Middle Eastern diplomats outside Israel have depicted the present situation as like two people arguing over a pizza, but before the argument is resolved one side (Israel through the acceleration of its settlements program) has started to eat the pizza.

An even more direct enunciation of this claim came from Sydney Morning Herald chief correspondent Paul McGeough earlier this year:

it has not mattered which Israeli party or coalition has been in government, whether a Republican or a Democrat is in the White House, wherever the Israeli peace movement or the military is ascendant; whether there is a cold peace or a hot war, an intifada or an Oslo peace process; whether Hamas is on top of Fatah or the reverse, or whether the talk is of a one-state or a two-state solution … Israel has continued to gobble up Palestinian land and the postage stamp that might be Palestine gets smaller and smaller.

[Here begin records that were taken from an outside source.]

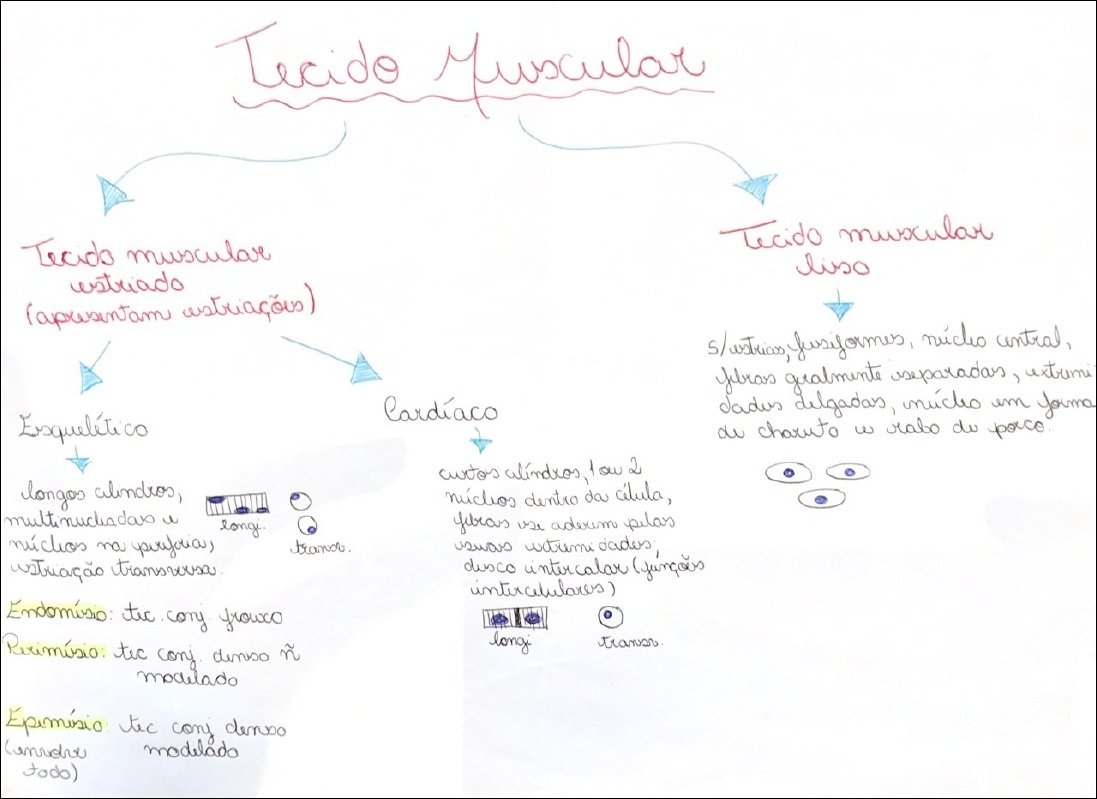 Mapa mental com tecido muscular no centro, ramificando-se para liso, estriado e cardíaco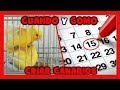 CUANDO EMPEZAR A CRIAR CANARIOS 🐤 COMO CRIAR CANARIOS PASO A PASO | CRIA DE CANARIOS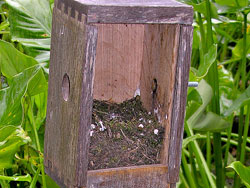 Prothonotary Warblet Nest
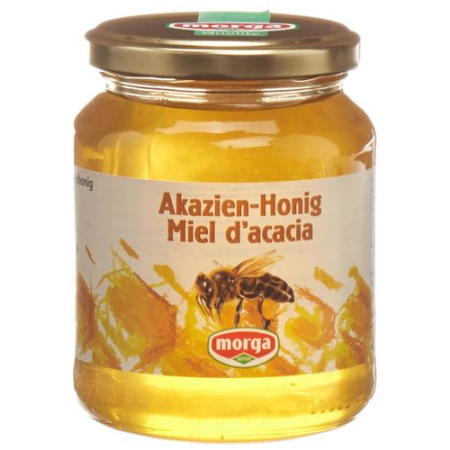 Morga Acacia Honey Abroad Glass 500 g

Now, as AIJAC has repeatedly pointed out in the past, this argument makes no sense, because Israel has had in place since 2003 arrangements that it negotiated with the Bush Administration in Washington that no new West Bank settlements can be built and existing settlements cannot expand territorially. Any construction in them is only in built up areas. As then Israeli Prime Minister Ariel Sharon said in a major policy speech in December 2003:

Israel will meet all its obligations with regard to construction in the settlements. There will be no construction beyond the existing construction line, no expropriation of land for construction, no special economic incentives and no construction of new settlements.

More on these arrangements comes from Elliot Abrams, the US National Security Council official who largely negotiated them with his Israeli counter-parts.

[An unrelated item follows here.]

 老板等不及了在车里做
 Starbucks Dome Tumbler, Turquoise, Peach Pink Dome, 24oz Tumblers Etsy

And these arrangements remain in place to do this day. (If anyone needs to see proof that Israel has not built any new West Bank settlements – none have been built with govenment approval, though some settler groups have constructed “outposts” in violation of Israeli law – since 1998, see this list of settlements and their construction dates from the Foundation for Middle East Peace, a Washington thinktank generally highly critical of Israel’s settlement policy.)

But perhaps the fact that Israel is not taking any additional land to expand West Bank settlements doesn’t matter – perhaps the damage is done, and too much West Bank land is already covered by settlements to allow a Palestinian state to be “viable” as is often claimed?

So how much of the West Bank is covered by settlements?

At most 2%, but probably more like 1%.

Don’t believe me? I’ll prove it by using only sources which cannot be accused of being likely to fudge figures in Israel’s favour.

Let’s start with the BBC. The BBC published a series of maps as part of a fact sheet called “Israelis and Palestinian in depth”. Of the West Bank it says:

Since 1967, Israel has pursued a policy of building settlements on the West Bank. These cover about 2% of the area of the West Bank and are linked by Israeli-controlled roads…

But that number is probably too high. This is clear from some work done by the well-known Israeli NGO B’tselem. B’tselem is highly critical of Israeli settlement policy in the West Bank, and commissioned a detailed survey of the West Bank to determine the degree of settlement control and published a highly critical report last year. The group choose to focus their publicity for the report on the fact that municipal and regional councils associated with the settlements had theoretical legal jurisdiction over 42% of the West Bank, but they also conceded that their survey showed that the “built-up area” of settlements constituted a mere .99% of West Bank land. (As for the 42% number, one often quoted by Palestinian advocates, it is pretty irrelevant. This is municipal jurisdiction – ie zoning, planning, responsibility for local road maintenance – over mostly empty land. This land can become part of a future Palestinian state essentially at the stroke of a pen.)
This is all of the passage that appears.